For a more recent judicial interpretation, the United States Court of Appeals for the Fifth Circuit stated in 2001 that

there are numerous instances of the phrase "bear arms" being used to describe a civilian's carrying of arms. Early constitutional provisions or declarations of rights in at least some ten different states speak of the right of the "people" "to bear arms in defense of themselves and the state", or equivalent words, thus indisputably reflecting that under common usage "bear arms" was in no sense restricted to bearing arms in military service.

Several scholars have challenged the 5th Circuit's history. Several of the earliest state constitutions used variants of the Pennsylvania (September 28, 1776) model, affirming a right to "bear arms in defense of themselves and the state." Thus, North Carolina's declaration of rights (December 18, 1776) stated that "The people have a right to bear arms, for the defence of the State; and, as standing armies, in time of peace, are dangerous to liberty, they ought not to be kept up; and that the military should be kept under strict subordination to, and governed by, the civil power." Less than two decades later (1796), Tennessee affirmed that "The freemen of this State have a right to keep and bear arms for their common defence."

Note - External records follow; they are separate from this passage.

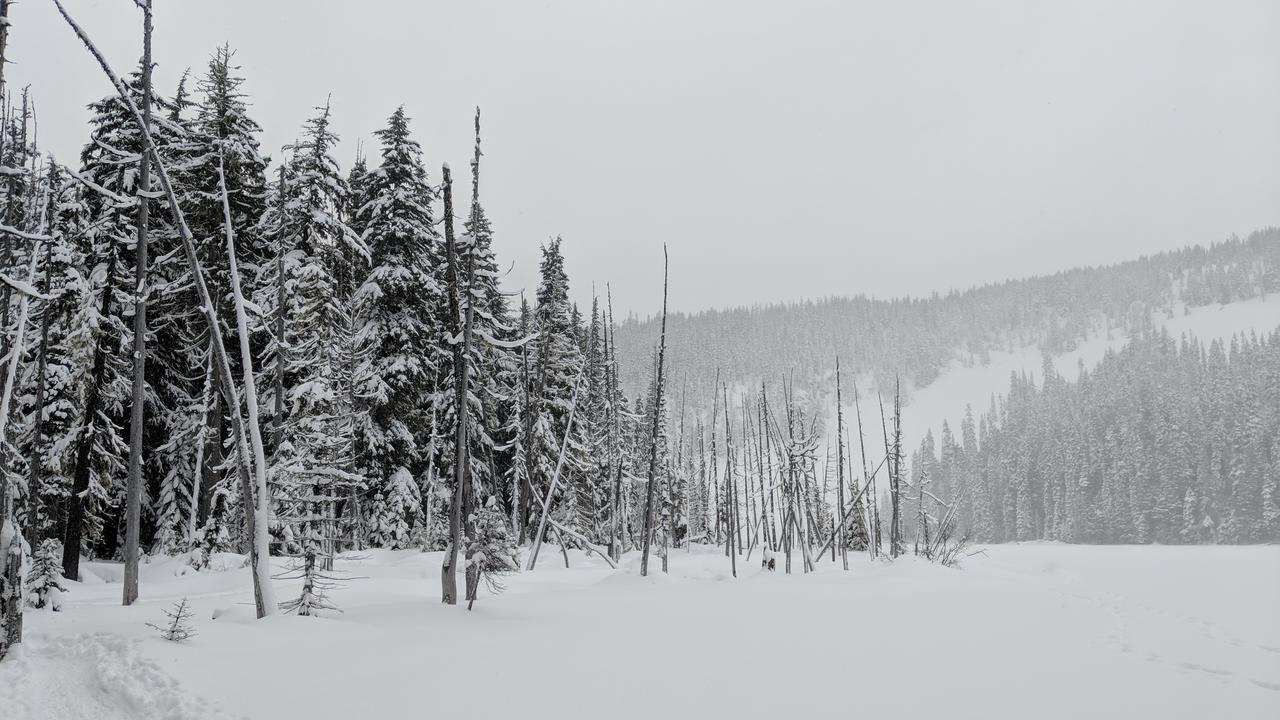 White Pass Log Cabin Luxury Retreat Rimrock المظهر الخارجي الصورة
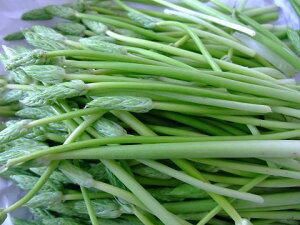 LXⓀ@AXp@\o[WIIՂ600O@itXYj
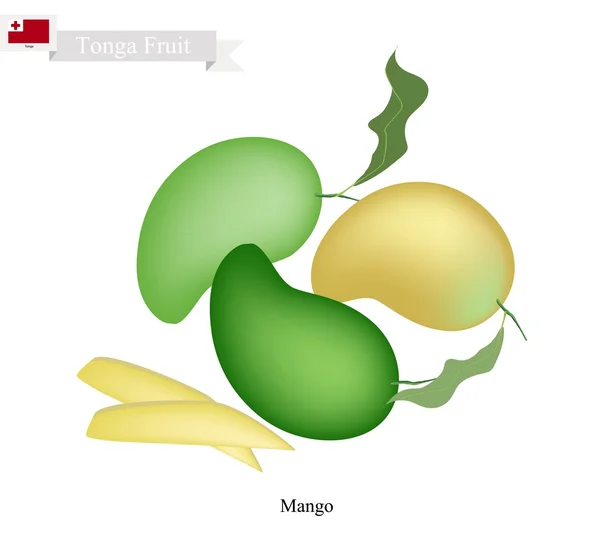 Čerstvá Mango, slavný ovoce v Tonga — Stockový vektor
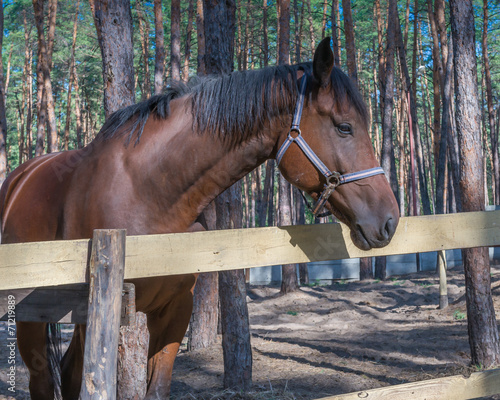 Horse, Ukraine, Dnipropetrovsk region. October 2014. © kamira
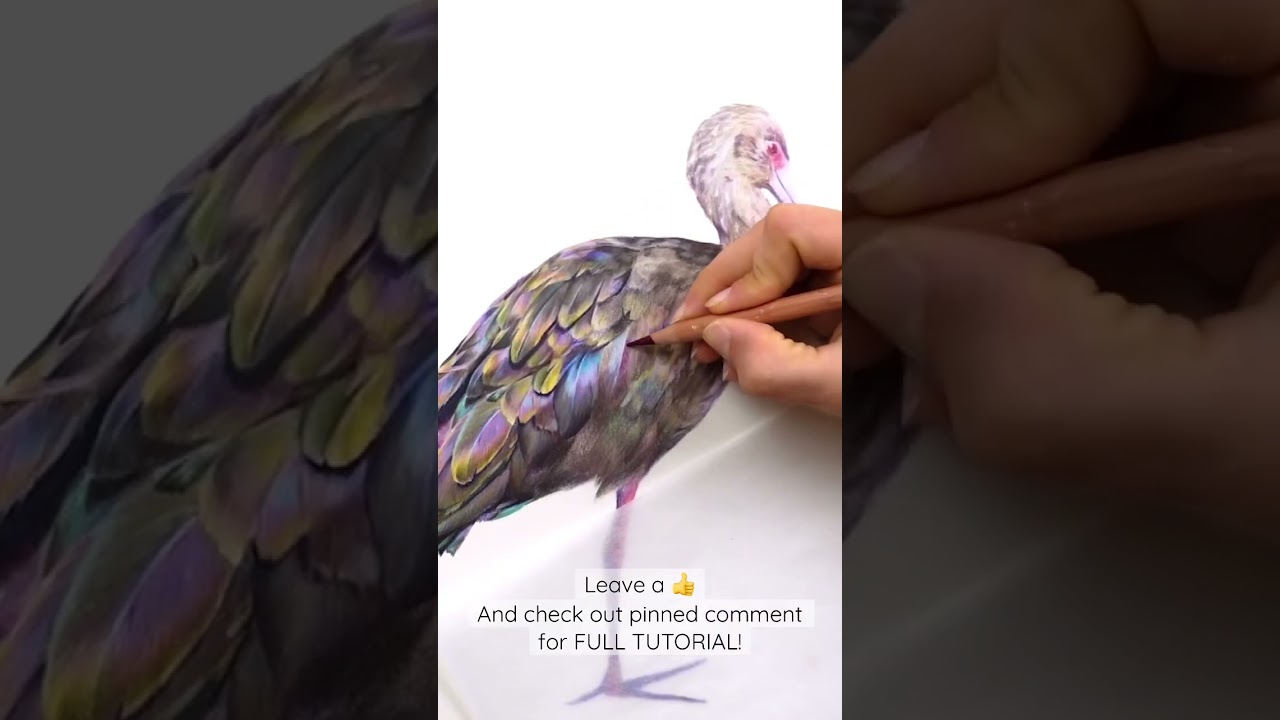 Drawing a REALISTIC BIRD with Colored Pencil
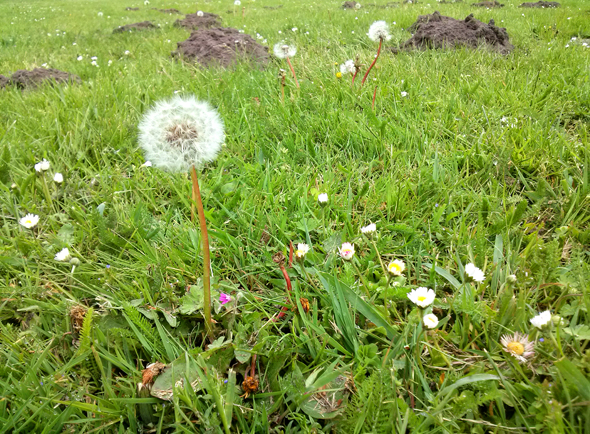 Ferien, Ferien, nix zu tun!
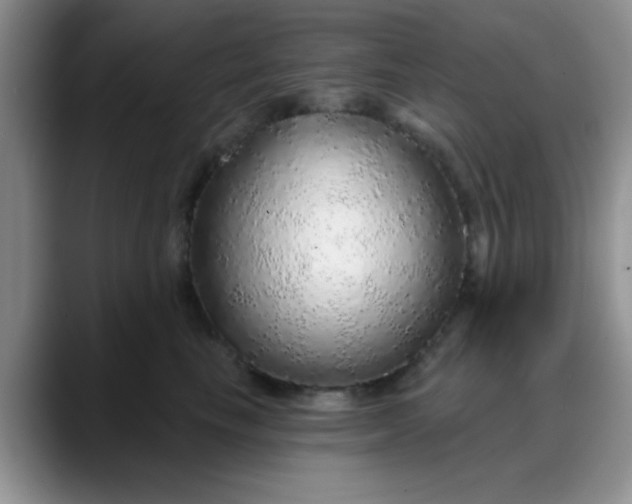 X0000088180665200705291953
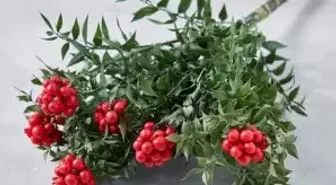 Kokina çiçeği suya konur mu? Kokina çiçeği solar mı, ömrü ne kadar?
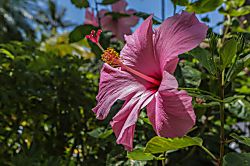 Kihei Akahi C416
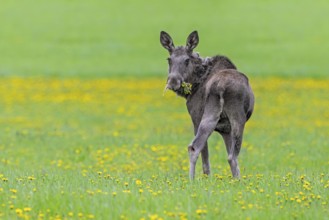Moose, elk (Alces alces) cow, female eating dandelions in meadow with wildflowers in spring,
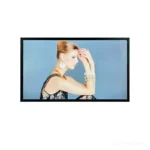 32 Inch High Brightness LCD Module (1920x1080 FHD)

According to these same scholars, a more individualistic formulation emerged only during the Jacksonian era. Alabama's constitution of 1819 declared that "that every citizen has a right to bear arms in defence of himself and the state." More recently, Stanford Law professor Robert Weissberg has noted that the shift in the language of arms bearing provisions challenges the historical accounts put forth by supporters of the collective rights and individual rights accounts.

Models of interpretation

Modern legal theorists have identified three models used to interpret the Second Amendment. Professor Michael Dorf has described these models as follows:

The first and second both emphasize the preamble, or "purpose" clause, of the Amendment — the words "A well regulated Militia, being necessary to the security of a free State." The third does not. The first model holds that the right to keep and bear arms belongs to the people collectively rather than to individuals, because the right's only purpose is to enable states to maintain a militia; it is not for individuals' benefit. The second model is similar to the first. It holds that the right to keep and bear arms exists only for individuals actively serving in the militia, and then only pursuant to such regulations as may be prescribed. Under either of the first two models, a private citizen has no right to possess a firearm for personal use. But the court rejected these two models in favor of a third, the individual rights model. Under this third model, the Second Amendment protects a right of individuals to own and possess firearms, much as the First Amendment protects a right of individuals to engage in free speech.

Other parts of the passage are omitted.